Review: I love Frank Peretti's writing style. His characters are very realistic. Illusion had all of that and more. For me I found the beginning very difficult because it was one tragedy after another. Dane lost his wife in a car accident; Mandy/Eloise loses her father, mother and essentially her life. I found for me that there was a lot of magic and I found that to take up a lot of the book. While interesting for a while it became stale. The relationship between Dane & Mandy/Eloise was difficult and challenging. There was a lot of mystery where I felt like I was missing essential information to sort through any of the events going on. The ending had a lot of wrap up that placated the events for me I just was not sure I could buy it. I feel very sad that I did not enjoy it more and some of it may be the hype I had about the return of Frank Peretti. I do believe I will read his next book and more than anything I am glad that he is better from his illness of the past. It is for that I am most happy with.
I would like to thank Net Galley and Howard Books for allowing me to read and review this book in return for a free copy and I was never asked to write a favorable review by anyone.

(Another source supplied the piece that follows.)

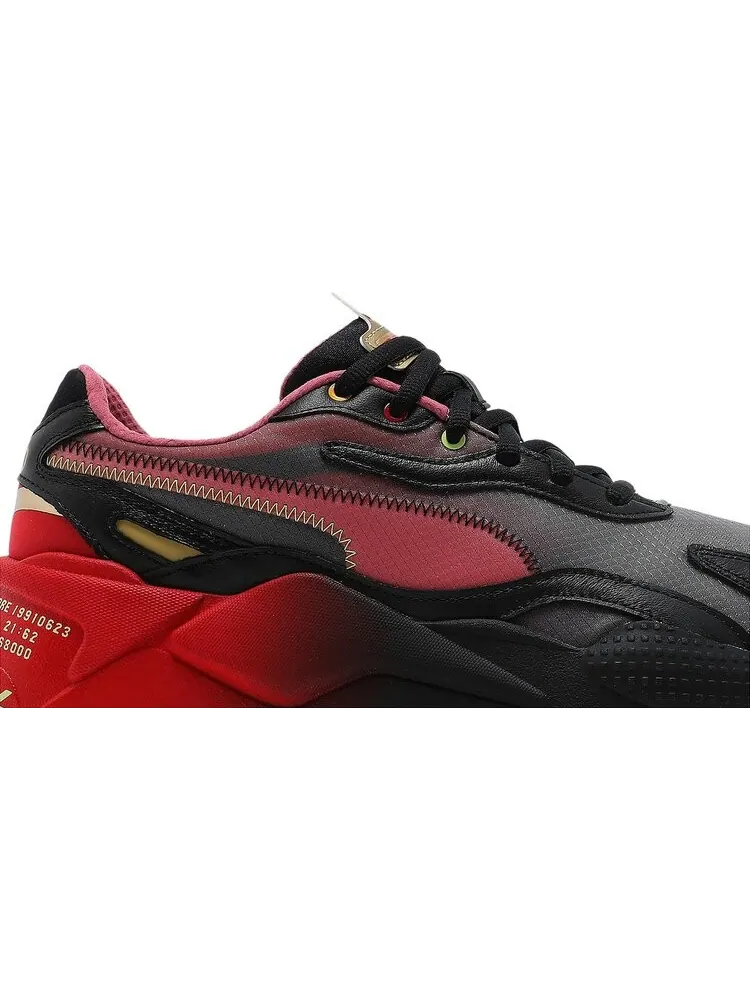 Кроссовки Puma RS-X3 High Risk Red — изображение 2 из 8, черный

When I was asked to review a PDF copy of Frank Perretti's latest release, Illusion, how could I say no? It was Perretti after all. It was essentially accepted sight (and plot) unseen and unknown. In all honesty, I was a bit surprised.
When stage magician Dane loses his wife Mandy and magic partner of forty years, he is understandably devastated. What is less understandable however, is when he meets a young woman who so deeply resembles his wife when he first met her that its frightening.
Dane soon finds himself plunged into a mystifying world of cutting-edge, secretive science research (read: science fiction) as he tries to unweave the tangles surrounding the arrival of this young woman in his life. I can't really say more than that without doing some major plot reveals, but let's just say it's pretty out there.
Long-time readers of Perretti might be surprised by the main-stream writing style that is present throughout the book - there isn't a lot of faith thrown into the mix, as with his previous works.
In all honesty, I'm not sure I would have accepted a review copy if I'd known so much of the book would revolve around stage magic, tricks, theatrics, and the like. At times it even seemed a bit occultish (but don't worry, there is a sci-fi explanation for the events, even if it is complicated and hard to follow even for an experienced sci-fi reader).
The writing is still engaging, mysterious, with a good dose of, "What's going on here?" It's a clean read, but not one with a significant spiritual message.